The Apple Watch 5 was announced during the company’s September 10 event and it costs $399 / £399 / AED 1,599 for the GPS-only model in the smaller 40mm size. It’s a bit more for the 44mm size at $429 / £429.
The cellular model in 40mm starts at $499 / £499 / AED 1,999, and goes up to $529 / £529 for the 44mm model. Most people don’t need the GPS version if they’re always carrying their iPhone with them, but the larger 44m size usually nets you better battery life and larger touch points on the slightly bigger screen.
The Apple Watch 5 starting price is for the aluminum case, which comes in three finishes: Gold, Space Black, and Silver. One new perk, this year’s case is made of 100% recycled aluminum.
You can also pick it up in stainless steel for a higher price – $699 with a sport loop or sport band, $749 with a Milanese loop, or $799 with a leather loop. Titanium, in light and dark finishes, starts at $799 with a sport loop and goes up to $899 with a leather loop.
Following rumors, the watch will once again come in a white Ceramic finish, starting at $1,299 with a sport loop and going up to $1399 with a leather loop.
There are new Nike models with additional bands, loops and faces. There are also Hermes models, with Space Black stainless steel cases and noir leather bands. Apple didn’t announce whether these models would be available in both GPS-only and cellular.
Design and display
Sticking with the same OLED technology that’s served it so well over the years, the Apple Watch Series 5 comes with a bright and vivid display that’s easy to see on the wrist.
Here’s the big change: Apple has dropped the ‘raise to wake’ functionality to see the time or a notification (where you have to flick or raise your wrist to turn on the display).
We’ve always been impressed with how accurate the previous line of Watches have been at knowing when you’re looking at the screen, but now that’s all over. You can either see the display in great, bright detail, or the OLED display will massively dim and you’ll be able to see key information.
Here’s how the ‘on’ and ‘ambient’ displays look side by side:
In our tests with it, it was certainly an effective skill for the watch to gain. Of particular benefit was the fact it works in the Workout app, as you can now just see what’s on the screen without having to flick the wrist.

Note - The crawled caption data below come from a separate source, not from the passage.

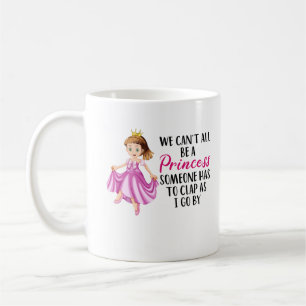 Caneca De Café  Não podemos ser princesas  Texto de Cotação Funny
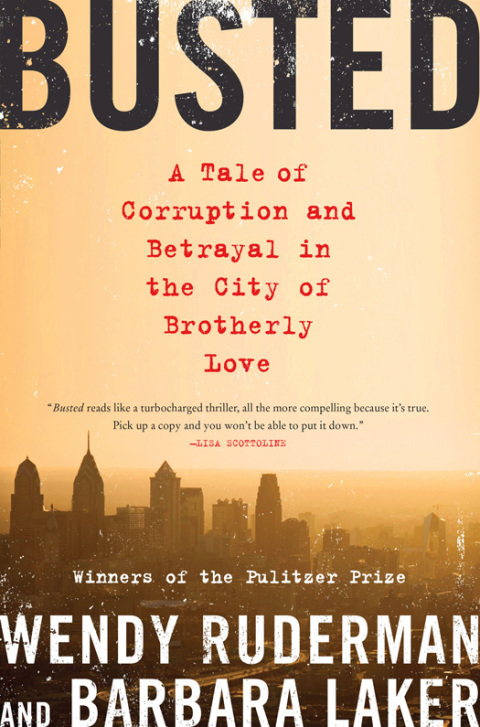 Book Busted: A Tale of Corruption and Betrayal in the City of Brotherly Love free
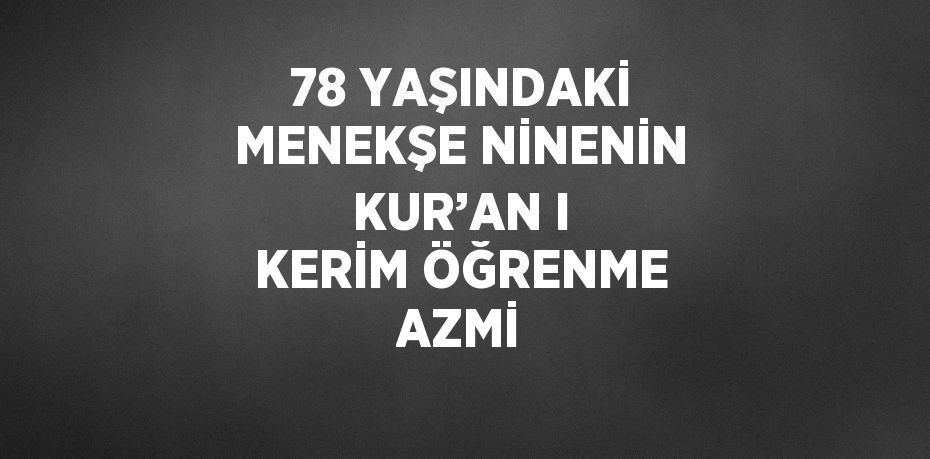 78 YAŞINDAKİ MENEKŞE NİNENİN KUR’AN I KERİM ÖĞRENME AZMİ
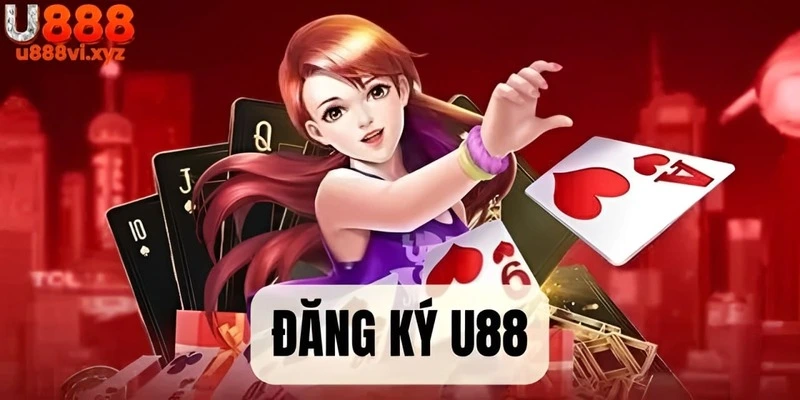 Đăng Ký U888 - Chinh Phục Các Sảnh Game Độc Đáo Nhất 2025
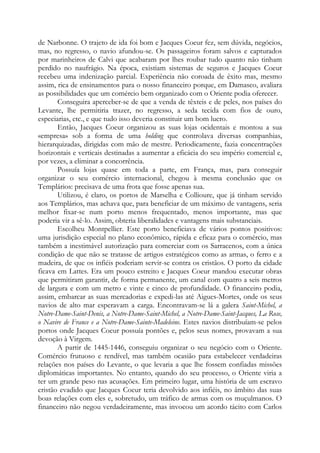 de Narbonne. O trajeto de ida foi bom e Jacques Coeur fez, sem dúvida, negócios,
mas, no regresso, o navio afundou-se. Os passageiros foram salvos e capturados
por marinheiros de Calvi que acabaram por lhes roubar tudo quanto não tinham
perdido no naufrágio. Na época, existiam sistemas de seguros e Jacques Coeur
recebeu uma indenização parcial. Experiência não coroada de êxito mas, mesmo
assim, rica de ensinamentos para o nosso financeiro porque, em Damasco, avaliara
as possibilidades que um comércio bem organizado com o Oriente podia oferecer.
Conseguira aperceber-se de que a venda de têxteis e de peles, nos países do
Levante, lhe permitiria trazer, no regresso, a seda tecida com fios de ouro,
especiarias, etc., e que tudo isso deveria constituir um bom lucro.
Então, Jacques Coeur organizou as suas lojas ocidentais e montou a sua
«empresa» sob a forma de uma holding que controlava diversas companhias,
hierarquizadas, dirigidas com mão de mestre. Periodicamente, fazia concentrações
horizontais e verticais destinadas a aumentar a eficácia do seu império comercial e,
por vezes, a eliminar a concorrência.
Possuía lojas quase em toda a parte, em França, mas, para conseguir
organizar o seu comércio internacional, chegou à mesma conclusão que os
Templários: precisava de uma frota que fosse apenas sua.
Utilizou, é claro, os portos de Marselha e Collioure, que já tinham servido
aos Templários, mas achava que, para beneficiar de um máximo de vantagens, seria
melhor fixar-se num porto menos frequentado, menos importante, mas que
poderia vir a sê-lo. Assim, obteria liberalidades e vantagens mais substanciais.
Escolheu Montpellier. Este porto beneficiava de vários pontos positivos:
uma jurisdição especial no plano econômico, rápida e eficaz para o comércio, mas
também a inestimável autorização para comerciar com os Sarracenos, com a única
condição de que não se tratasse de artigos estratégicos como as armas, o ferro e a
madeira, de que os infiéis poderiam servir-se contra os cristãos. O porto da cidade
ficava em Lattes. Era um pouco estreito e Jacques Coeur mandou executar obras
que permitiram garantir, de forma permanente, um canal com quatro a seis metros
de largura e com um metro e vinte e cinco de profundidade. O financeiro podia,
assim, embarcar as suas mercadorias e expedi-las até Aigues-Mortes, onde os seus
navios de alto mar esperavam a carga. Encontravam-se lá a galera Saint-Michel, a
Notre-Dame-Saint-Denis, a Notre-Dame-Saint-Michel, a Notre-Dame-Saint-Jacques, La Rose,
o Navire de France e a Notre-Dame-Sainte-Madeleine. Estes navios distribuíam-se pelos
portos onde Jacques Coeur possuía pontões e, pelos seus nomes, provavam a sua
devoção à Virgem.
A partir de 1445-1446, conseguiu organizar o seu negócio com o Oriente.
Comércio frutuoso e rendível, mas também ocasião para estabelecer verdadeiras
relações nos países do Levante, o que levaria a que lhe fossem confiadas missões
diplomáticas importantes. No entanto, quando do seu processo, o Oriente viria a
ter um grande peso nas acusações. Em primeiro lugar, uma história de um escravo
cristão evadido que Jacques Coeur teria devolvido aos infiéis, no âmbito das suas
boas relações com eles e, sobretudo, um tráfico de armas com os muçulmanos. O
financeiro não negou verdadeiramente, mas invocou um acordo tácito com Carlos
 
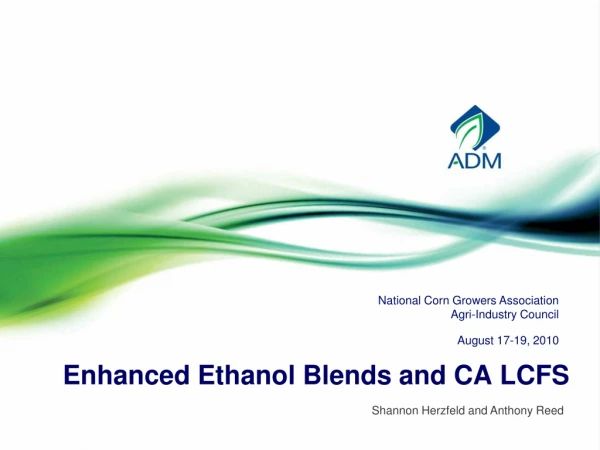 Enhanced Ethanol Blends and CA LCFS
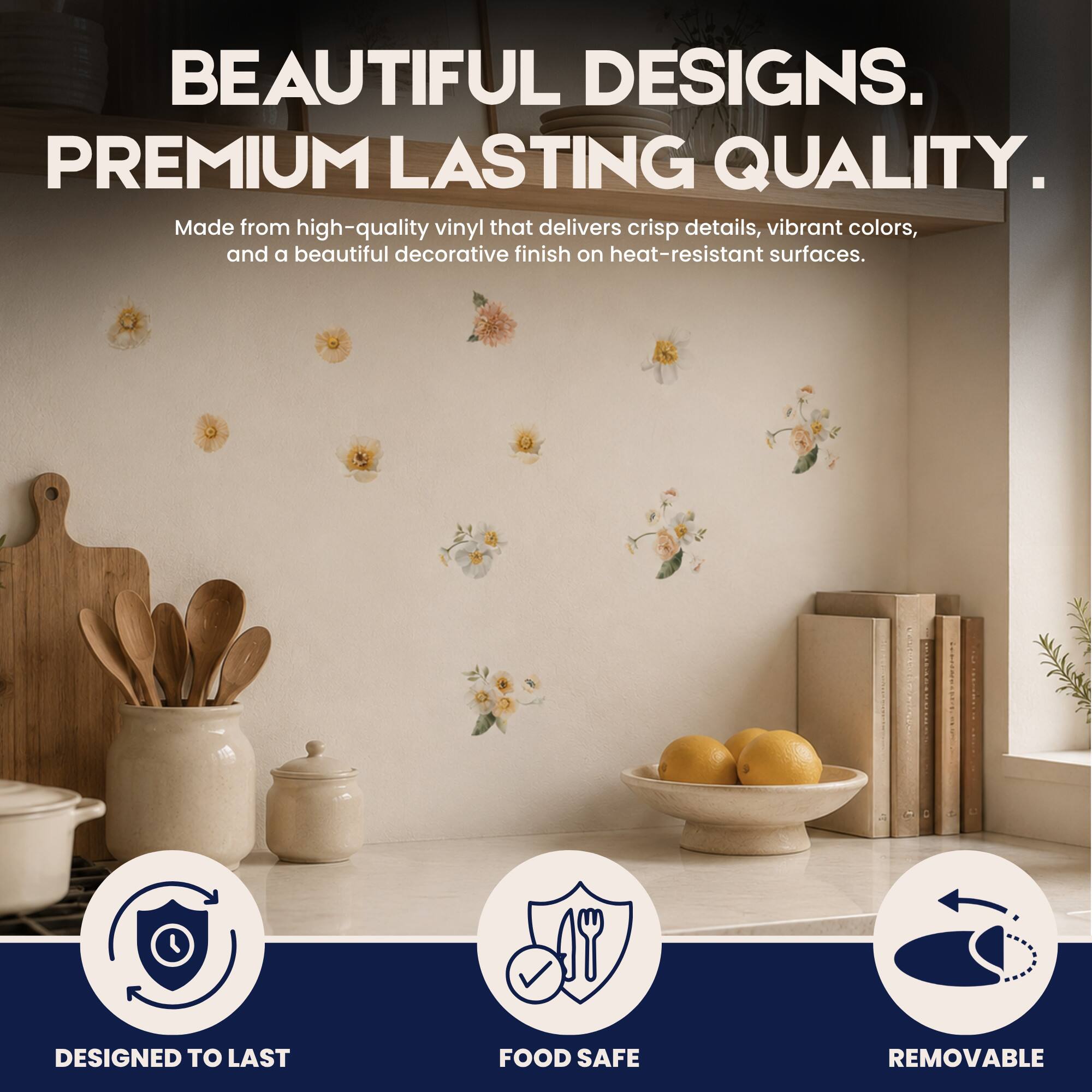 BEAUTIFUL DESIGNS. PREMIUM LASTING QUALITY.  
Made from high-quality vinyl that delivers crisp details, vibrant colors, and a beautiful decorative finish on heat-resistant surfaces.  
17  
DESIGNED TO LAST  
FOOD SAFE  
REMOVABLE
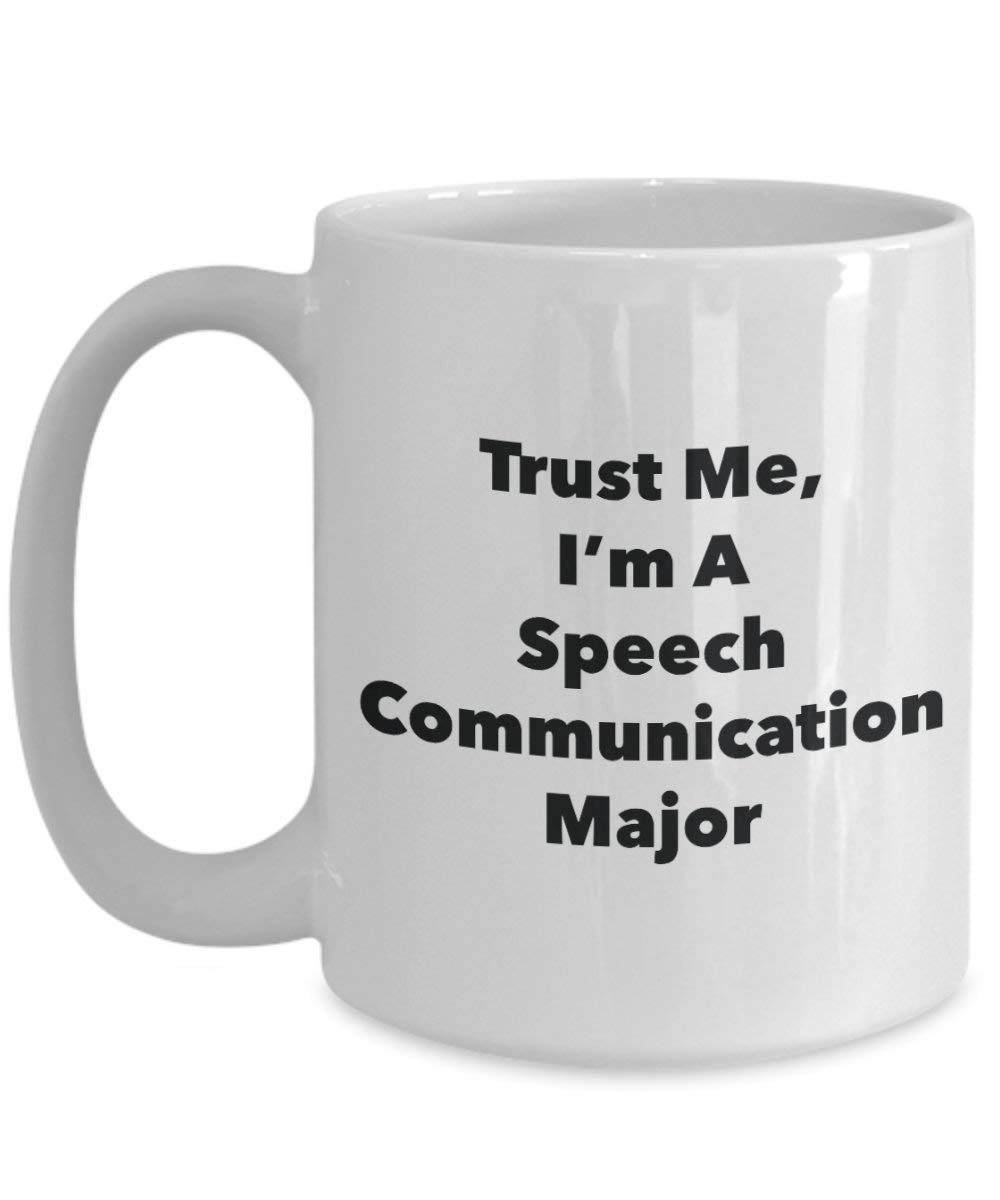 Trust Me, I'm a Speech Communication principaux Mug rigolo – Tasse à café – Cute Graduation Gag Gifts idées pour vos amis et Camarades de classe 15oz blanc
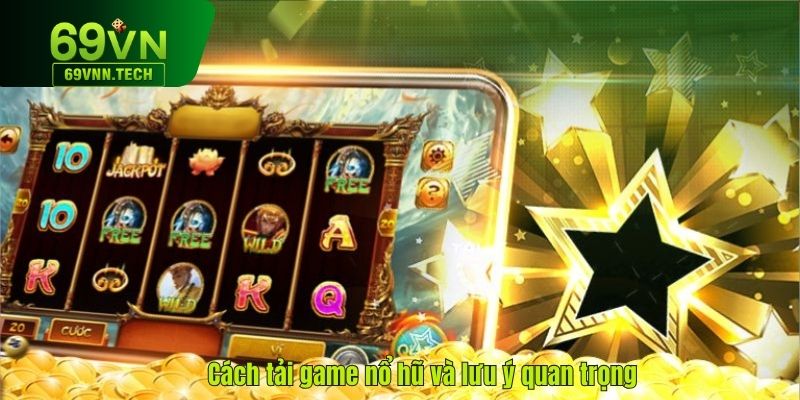 Cách tải game nổ hũ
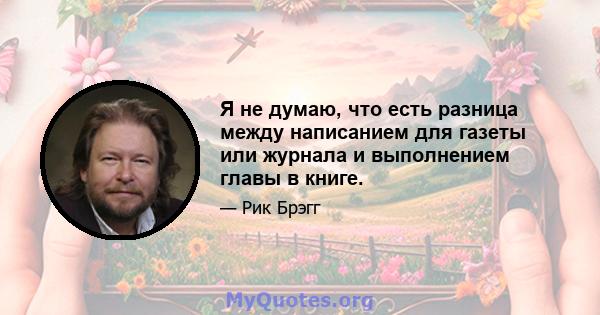 Я не думаю, что есть разница между написанием для газеты или журнала и выполнением главы в книге.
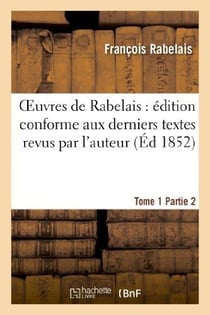 Oeuvres de Rabelais : édition conforme aux derniers textes revus par l'auteur. Tome 1, Partie 2 : Pantagruel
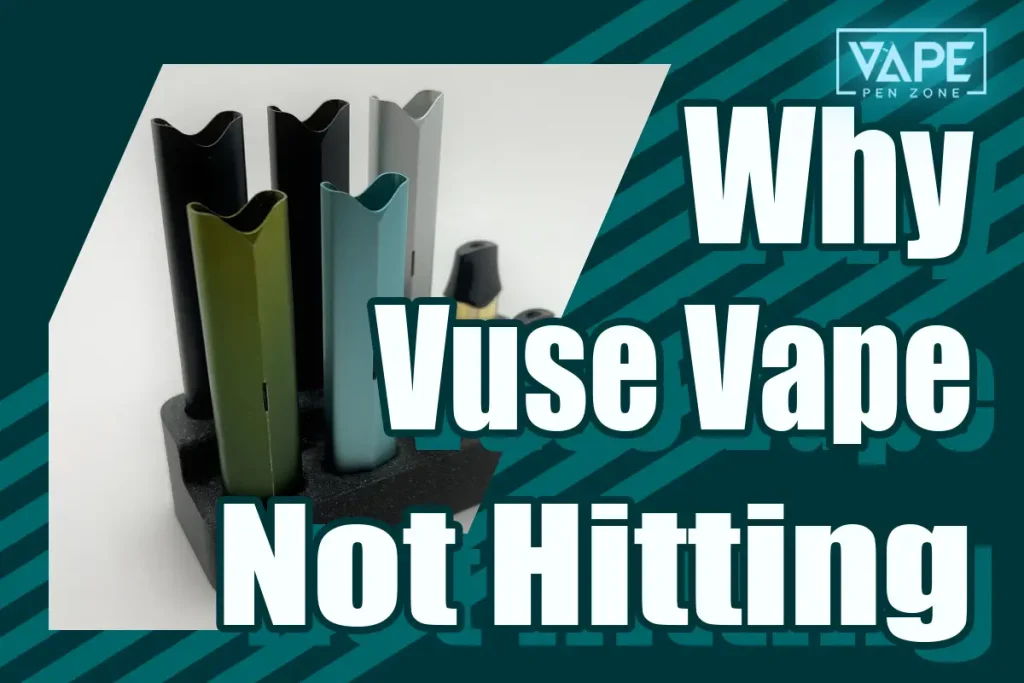 Why Is My Vuse Lighting Up But Not Hitting? Common Causes and Fixes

In a strength workout or fast run, you don’t need that extra hassle – and it’s great to see Apple drop it. However, it’s not clear how this will work with third party apps, so we’ll need to try that out in our full review.
But the viewing angles, in particular, are impressive when the Watch 5 is dim – you can see it from pretty much any way you want to squint at it, and that’s something really needed.
The larger 40mm and 44mm designs from last year’s Apple Watch 4 remain, which again is expected for a couple of reasons: firstly, Apple keeps similar designs for years when iterating on its products, and otherwise it would mean even more sizes of bands and accessories on the market.
Keeping things simple makes the third-party market more vibrant and mature, so there’s a good reason to retain the large 44mm and 40mm models.
The design of the Watch 5 is as most would expect: rounded edges with the small speaker grilles in (which, remember, can now speak to you to tell you lap or split times as you run around) as well as water resistance up to 5ATM pressure – so swimming with this watch is easy.
The main change design-wise is in the materials used – Apple has unveiled the Watch 5 in new ceramic and titanium variants (although the former has been used in older models), in a bid to increase the range of price points it can sell its smartwatch at.
These feel nice on the wrist, although we weren’t impressed with the ceramic option when it first came out. Well, perhaps we could rephrase that – it felt premium for sure, but it didn’t quite feel worth the extra cash Apple was asking for it.
But then again, perhaps we’re not the target market of bling that this device is aimed at. Even though the cost of the titanium model is a little steep, offering the Apple Watch in a new material might, again, entice the upgrade.
There’s not a lot of difference at all between the Apple Watch Series 4 and Series 5 – this is mostly just an update to that model, but the large display and rounded edges still feel nice on the wrist, and the burgeoning range of bands (not just from Apple) make it a decent choice for iPhone owners.
Apple hasn’t added much in the way of fitness capability with the new Watch 5, thanks to there not being a huge amount of new hardware to work with.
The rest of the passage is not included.